Reading about their climb online and in the Spokesman-Review, reminded me of a climb Jess and his dad, the renowned alpinist John Roskelley, did in 2003.
At that time, Jess was 20-years-old and aspired to be the youngest American to summit 29,029-foot Mount Everest.
Before leaving for the climb, I worked with John and Jess on a PR and communications projects for the expedition we named, “Generations on Everest.”
In addition to naming the expedition, Klündt | Hosmer’s team helped craft sponsorship pitches, create a logo for the team, set up John and Jess with a rugged, wireless computer from Itronix, and develop the expedition’s website.
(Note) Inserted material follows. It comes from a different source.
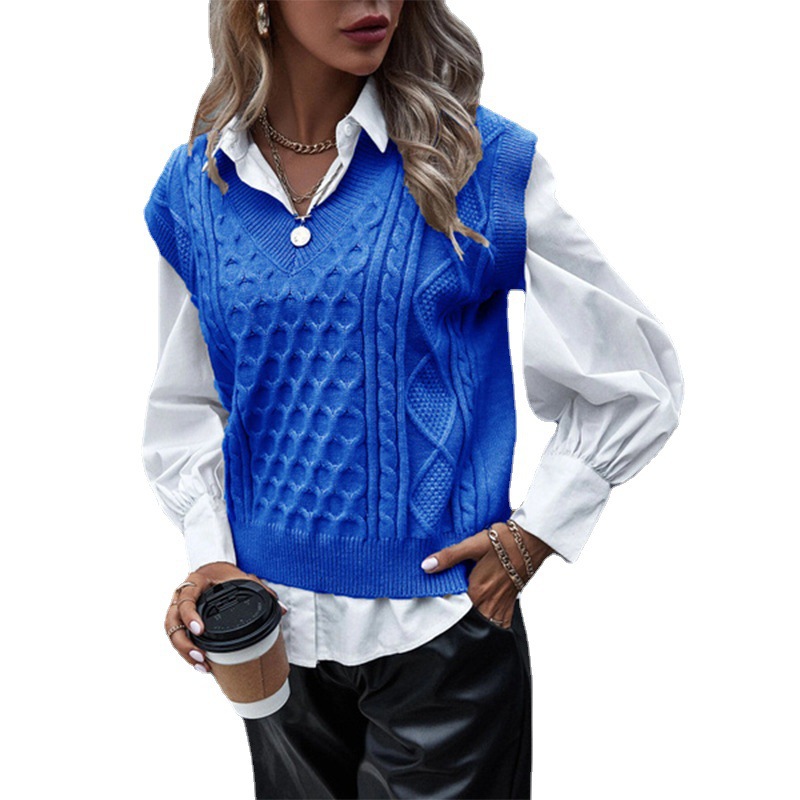 Dunhuang.Com Specializes In Small Batches For Women'S Fashionable Knitted Vests Autumn And Winter New Vests Sleeveless Cable V-Neck Tops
The website was a vital communications tool for the team — especially since this was before the proliferation of social media platforms and far-reaching cell phone towers.
The Generations on Everest website featured photos of the approach, basecamp and the North Ridge of Everest and included regular journal updates from the mountain. Using this cool, leading edge technology — especially considering this was done 14 years ago — we would post the voicemail updates we received from John via his satphone as he ascended the mountain.
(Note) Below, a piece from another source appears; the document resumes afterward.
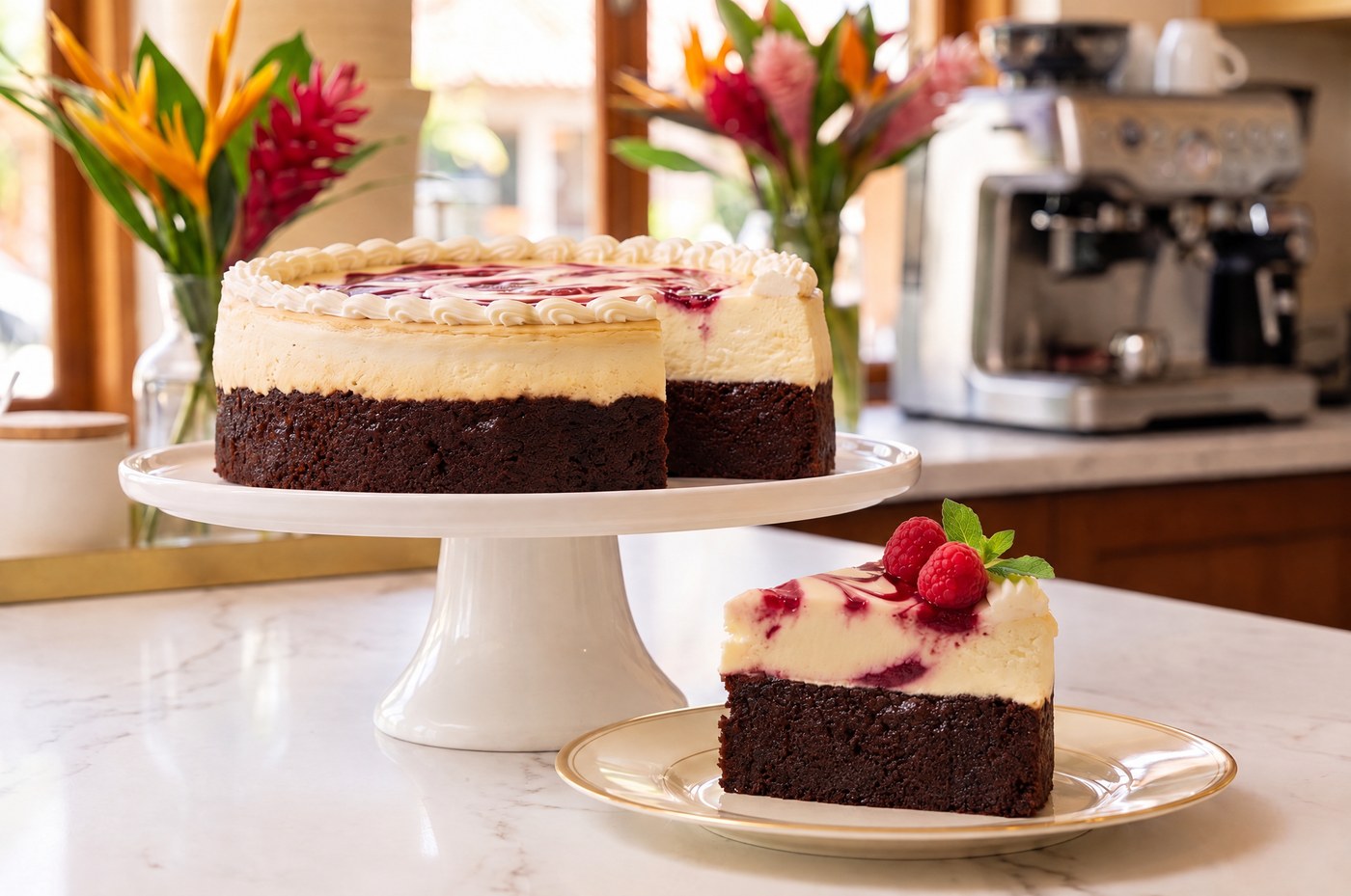 Baked Paris Ruby FruitCheesecake, a dark fruitcake base under a crustless cheesecake layer finished with a raspberry swirl, with a plated slice showing the raspberry ripple and fresh raspberries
I would come into my office in the morning, see a blinking red light on my desk phone, and many times it would be a voicemail from John. Those voicemails got more and more challenging as the team ascended into Everest’s "death zone", at elevations above 26,000 feet.
With John attempting the climb without using supplemental oxygen, some of his voice messages needed a couple of takes. A typical voicemail went something like, “Hey, this is John. (pant, pant, wheeze) Yesterday, (pant) we carried loads to Camp 3 (wheeze) at 27-thousand... uh... 27-(pant) uh... shit!” and then he would hang up and call again. Everest’s thin air was affecting John’s thought processes as well as his ability to breathe.
Within minutes of receiving these updates, we’d upload the audio files to the website, and it became the best source of information for tracking the climber’s status on Mt. Everest.
The Generations on Everest website was promoted in international climbing publications, websites and news features. Over the weeks of the climb, the website received thousands of visits from people all over the world.
On May 21, 2003, John and Jess were successful in summiting Everest, and Jess was (for the next seven years) the youngest American to make the climb to the world’s highest point.
It’s great to see that Jess is continuing to push the limits as a climber. Last week’s first ascent of Mount Huntington’s Gauntlet Ridge is just the latest climb on his resume. His accomplishments now include ascents from Alaska to Patagonia and one very memorable ascent, with his dad, on the world’s highest peak, almost 14 years ago.